Two very basic principles have guided the design of the course and the facilitating computer music environment, Impromptu . First, computers should be used only to do things we can't do better in some other way. Second (borrowed from Hal Abelson), an educational computer environment is valuable to the degree it causes its developers to re-think the structure of the relevant domain. Thus instead of saying, "Here is this computer with all these neat possibilities, what can I do with it?" I said, "Here are some things that beginning music students can do already, how can I use this intuitive know-how to help them learn to do what they can't yet do in a more musically relevant, intuitive, and accessible way?

Impromptu evolved in answer to these questions coupled with related issues of representation. Music notations represent music at the "note" level and I wanted to give beginning students more aggregated and perceptually meaningful elements. But "notes" are necessary to make them. So, I was drawn to the potential of the computer as an interactive medium because I could create programmable, clickable icons that would immediately play just such already aggregated melodic motives. These playable icons would function for beginning students in their initial composing projects as both units of perception and units of work. We called them tuneblocks.

The Working Environment

incremental cost over budget
Impromptu Window
Units of Work: Multiple Representations
(click on image to enlarge)

In the screen shot, the icons on the right, when clicked, play meaningful structural entities (motives); in this example, they include the motives with which to reconstruct the melody, "Ode to Joy." To build the melody, students drag tuneblocks into the Playroom and arrange them in order so that they play the whole melody.

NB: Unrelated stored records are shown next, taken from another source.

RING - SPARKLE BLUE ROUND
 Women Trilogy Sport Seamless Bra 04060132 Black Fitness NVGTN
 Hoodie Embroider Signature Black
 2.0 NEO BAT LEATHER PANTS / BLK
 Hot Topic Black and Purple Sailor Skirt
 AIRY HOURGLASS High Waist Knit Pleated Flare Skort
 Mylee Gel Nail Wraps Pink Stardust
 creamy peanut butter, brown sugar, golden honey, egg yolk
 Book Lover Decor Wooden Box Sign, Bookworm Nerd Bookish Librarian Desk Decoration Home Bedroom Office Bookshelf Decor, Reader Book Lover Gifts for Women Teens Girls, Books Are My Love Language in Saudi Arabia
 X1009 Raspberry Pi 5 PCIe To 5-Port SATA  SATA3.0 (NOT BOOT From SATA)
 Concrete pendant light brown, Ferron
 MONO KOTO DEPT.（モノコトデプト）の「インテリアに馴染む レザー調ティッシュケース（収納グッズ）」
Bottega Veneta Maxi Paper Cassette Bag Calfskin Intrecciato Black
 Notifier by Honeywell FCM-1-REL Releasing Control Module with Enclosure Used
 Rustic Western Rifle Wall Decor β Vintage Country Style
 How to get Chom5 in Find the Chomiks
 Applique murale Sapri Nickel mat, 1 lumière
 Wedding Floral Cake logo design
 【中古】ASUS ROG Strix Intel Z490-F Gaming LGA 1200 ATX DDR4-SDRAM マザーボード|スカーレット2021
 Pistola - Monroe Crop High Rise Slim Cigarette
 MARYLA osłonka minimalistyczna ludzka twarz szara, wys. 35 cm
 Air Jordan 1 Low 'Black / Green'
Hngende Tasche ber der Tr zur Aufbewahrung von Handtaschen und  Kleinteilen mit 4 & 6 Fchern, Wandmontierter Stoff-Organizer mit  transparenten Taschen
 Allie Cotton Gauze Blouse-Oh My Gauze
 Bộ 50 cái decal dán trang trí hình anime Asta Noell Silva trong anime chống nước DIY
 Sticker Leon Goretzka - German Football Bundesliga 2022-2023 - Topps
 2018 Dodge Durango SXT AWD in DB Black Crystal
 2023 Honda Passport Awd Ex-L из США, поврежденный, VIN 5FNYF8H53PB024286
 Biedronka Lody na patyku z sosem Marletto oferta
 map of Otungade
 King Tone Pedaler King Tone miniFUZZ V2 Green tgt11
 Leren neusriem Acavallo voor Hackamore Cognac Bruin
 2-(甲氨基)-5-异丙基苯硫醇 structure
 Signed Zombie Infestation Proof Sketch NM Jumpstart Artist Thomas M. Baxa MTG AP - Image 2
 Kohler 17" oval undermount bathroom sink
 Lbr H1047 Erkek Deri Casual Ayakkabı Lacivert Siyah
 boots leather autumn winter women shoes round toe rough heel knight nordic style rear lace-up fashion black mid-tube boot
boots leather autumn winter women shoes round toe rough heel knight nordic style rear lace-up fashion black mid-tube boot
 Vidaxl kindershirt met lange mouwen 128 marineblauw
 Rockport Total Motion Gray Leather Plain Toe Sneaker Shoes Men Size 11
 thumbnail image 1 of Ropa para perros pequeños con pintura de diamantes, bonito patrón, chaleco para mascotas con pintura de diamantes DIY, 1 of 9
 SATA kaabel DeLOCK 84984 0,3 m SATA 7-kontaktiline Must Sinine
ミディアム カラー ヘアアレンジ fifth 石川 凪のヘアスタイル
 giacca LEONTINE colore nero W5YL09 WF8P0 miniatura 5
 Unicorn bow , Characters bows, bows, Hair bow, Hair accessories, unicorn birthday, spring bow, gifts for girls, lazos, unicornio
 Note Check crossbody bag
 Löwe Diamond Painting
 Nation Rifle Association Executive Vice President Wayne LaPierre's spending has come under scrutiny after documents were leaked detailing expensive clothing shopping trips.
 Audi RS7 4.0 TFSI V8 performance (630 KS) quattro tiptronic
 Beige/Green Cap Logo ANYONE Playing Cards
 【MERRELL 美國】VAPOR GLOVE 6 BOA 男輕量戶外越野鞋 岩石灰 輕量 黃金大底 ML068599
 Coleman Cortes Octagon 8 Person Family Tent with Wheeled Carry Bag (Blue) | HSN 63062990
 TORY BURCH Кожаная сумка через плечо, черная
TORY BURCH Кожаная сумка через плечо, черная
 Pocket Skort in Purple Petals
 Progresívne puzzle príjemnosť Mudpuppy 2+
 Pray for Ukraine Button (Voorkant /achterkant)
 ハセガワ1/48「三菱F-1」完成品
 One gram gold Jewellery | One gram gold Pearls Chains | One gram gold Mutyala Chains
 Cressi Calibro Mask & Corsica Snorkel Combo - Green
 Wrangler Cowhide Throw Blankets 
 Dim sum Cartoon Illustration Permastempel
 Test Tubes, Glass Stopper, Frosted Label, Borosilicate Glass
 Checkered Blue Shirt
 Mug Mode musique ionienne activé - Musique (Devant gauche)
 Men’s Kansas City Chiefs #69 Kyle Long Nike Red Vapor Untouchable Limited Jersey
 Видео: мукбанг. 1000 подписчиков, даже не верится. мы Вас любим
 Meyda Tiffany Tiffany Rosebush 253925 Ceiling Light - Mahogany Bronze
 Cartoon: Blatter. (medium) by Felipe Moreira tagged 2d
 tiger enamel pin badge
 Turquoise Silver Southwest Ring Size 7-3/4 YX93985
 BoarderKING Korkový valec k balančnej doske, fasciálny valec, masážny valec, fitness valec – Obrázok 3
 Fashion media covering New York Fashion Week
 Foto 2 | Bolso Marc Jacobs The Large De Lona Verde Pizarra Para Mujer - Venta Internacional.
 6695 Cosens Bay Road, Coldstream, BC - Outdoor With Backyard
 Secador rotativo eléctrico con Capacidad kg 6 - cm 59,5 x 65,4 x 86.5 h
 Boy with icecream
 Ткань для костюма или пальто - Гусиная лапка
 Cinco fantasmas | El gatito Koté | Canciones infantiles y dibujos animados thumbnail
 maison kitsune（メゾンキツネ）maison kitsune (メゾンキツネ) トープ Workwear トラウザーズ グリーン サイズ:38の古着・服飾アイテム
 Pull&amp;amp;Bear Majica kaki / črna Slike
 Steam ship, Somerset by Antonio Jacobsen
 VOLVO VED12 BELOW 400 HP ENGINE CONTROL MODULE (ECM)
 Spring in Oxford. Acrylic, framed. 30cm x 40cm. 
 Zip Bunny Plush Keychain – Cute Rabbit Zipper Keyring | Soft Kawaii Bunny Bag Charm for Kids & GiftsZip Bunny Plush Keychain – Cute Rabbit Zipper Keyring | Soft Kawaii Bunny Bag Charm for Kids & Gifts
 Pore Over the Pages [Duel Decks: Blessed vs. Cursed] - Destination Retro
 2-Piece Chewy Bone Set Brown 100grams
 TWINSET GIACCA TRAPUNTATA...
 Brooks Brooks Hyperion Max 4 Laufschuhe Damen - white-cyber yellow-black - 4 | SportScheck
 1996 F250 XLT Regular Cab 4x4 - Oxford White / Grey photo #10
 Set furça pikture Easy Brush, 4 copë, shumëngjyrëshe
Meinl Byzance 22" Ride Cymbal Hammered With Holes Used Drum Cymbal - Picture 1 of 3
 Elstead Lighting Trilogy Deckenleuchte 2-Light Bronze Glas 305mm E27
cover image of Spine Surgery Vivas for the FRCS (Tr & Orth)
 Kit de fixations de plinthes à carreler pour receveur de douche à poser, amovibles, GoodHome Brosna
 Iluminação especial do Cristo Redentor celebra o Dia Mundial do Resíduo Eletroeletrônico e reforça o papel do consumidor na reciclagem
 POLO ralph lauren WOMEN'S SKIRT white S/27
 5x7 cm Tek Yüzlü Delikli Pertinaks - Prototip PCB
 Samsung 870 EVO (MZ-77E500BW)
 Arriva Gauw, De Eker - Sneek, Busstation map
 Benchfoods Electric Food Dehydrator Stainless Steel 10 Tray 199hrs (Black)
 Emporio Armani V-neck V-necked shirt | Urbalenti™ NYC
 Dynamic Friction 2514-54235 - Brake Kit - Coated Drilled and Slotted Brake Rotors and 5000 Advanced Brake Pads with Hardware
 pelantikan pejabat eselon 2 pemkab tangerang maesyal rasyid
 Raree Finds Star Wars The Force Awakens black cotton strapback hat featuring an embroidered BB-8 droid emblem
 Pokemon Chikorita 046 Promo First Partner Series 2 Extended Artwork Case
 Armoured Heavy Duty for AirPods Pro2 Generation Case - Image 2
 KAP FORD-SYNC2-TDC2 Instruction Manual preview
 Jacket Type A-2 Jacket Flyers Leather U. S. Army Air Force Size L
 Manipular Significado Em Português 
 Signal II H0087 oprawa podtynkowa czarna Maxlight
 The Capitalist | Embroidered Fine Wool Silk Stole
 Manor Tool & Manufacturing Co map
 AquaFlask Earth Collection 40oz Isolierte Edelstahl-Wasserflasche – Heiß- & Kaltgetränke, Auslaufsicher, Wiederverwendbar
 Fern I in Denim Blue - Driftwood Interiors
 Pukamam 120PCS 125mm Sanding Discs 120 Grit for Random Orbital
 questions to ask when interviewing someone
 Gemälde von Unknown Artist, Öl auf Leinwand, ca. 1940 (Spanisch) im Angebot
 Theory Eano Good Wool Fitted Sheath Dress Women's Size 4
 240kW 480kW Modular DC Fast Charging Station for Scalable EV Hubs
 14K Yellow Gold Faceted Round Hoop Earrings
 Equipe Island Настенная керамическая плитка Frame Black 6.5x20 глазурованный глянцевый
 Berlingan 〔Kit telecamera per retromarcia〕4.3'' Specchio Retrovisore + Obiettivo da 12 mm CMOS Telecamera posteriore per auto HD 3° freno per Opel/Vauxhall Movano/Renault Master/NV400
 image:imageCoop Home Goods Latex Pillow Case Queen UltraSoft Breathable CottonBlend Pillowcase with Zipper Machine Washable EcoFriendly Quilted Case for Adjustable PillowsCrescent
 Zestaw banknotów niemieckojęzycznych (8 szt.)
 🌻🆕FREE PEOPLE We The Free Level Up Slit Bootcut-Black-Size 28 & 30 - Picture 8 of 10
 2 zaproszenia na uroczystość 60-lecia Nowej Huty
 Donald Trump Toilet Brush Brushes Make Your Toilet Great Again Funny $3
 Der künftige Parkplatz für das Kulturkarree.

Blocks 3-1-3-2, the opening two phrases, are shown in the Playroom. Notice that as students build up a melody, they are actually involved in "constructive analysis" – i.e., they are reconstructing the larger structure of the melody as embodied by the sequence of icons/motives. The graphics window at the bottom of the screen shows a more fine-grained representation of the sounding blocks – "pitch contour" graphics.

The most interesting work develops when students are given what they called "strange" blocks borrowed from unfamiliar pre-tonal or post-tonal styles. Students are asked to make a melody "that you like and that makes sense" by listening, arranging, and rearranging blocks in the Playroom window and also modifying the "contents" (pitch and rhythm) by "opening up" the blocks using the edit window. It turns out that almost everybody can do that. However, in any one class of 10 or so, given the same materials, no two students come in with the same tune.

Most important, students are asked to reflect on their process of composition as an integral part of the process, itself. As they work, students keep a log commenting on their decisions, and how this informs their emergent "model of a sensible tune." Students' papers, together with the performance of their compositions, become the center of our class discussions. Of course, students are often surprised, even confused, that the focus in class discussions is on their puzzlements and insights rather than on collecting notes drawn from the instructor's knowledge and information. Instead, as instructor, I am interrogating, probing, questioning – in order, collaboratively with the students, to make sense of and build on their sense-making.

The text, Developing Musical Intuitions (Bamberger, 2000) and recorded examples on an accompanying CD, illustrate how composers have used and extended some of the structural principles that are emergent in the students' own work. In addition to the conventions of notation and other vocabulary, the basics of music fundamentals are couched in terms of generalizable principles, thus informing encounters students have had in composing, listening critically to one another's work and to the recorded examples.

One of the gratifying results of the class is that instead of my devising questions to test what the students have learned, it is their continuing investigations into their own and one another's musical understanding that becomes the generative base for developing new knowledge. Searching for answers to questions that they have put to themselves, students begin to build a developing theory of musical coherence. At the same time, they are developing hearings and appreciations of music that go beyond what they know how to do already, to knowing about and knowing why . And in that process, they are also learning to hear and to notice aspects of music that previously passed them by, thus helping to broaden their musical taste and their listening preferences. Rather than giving up their intuitions, they learn in the service of better understanding them.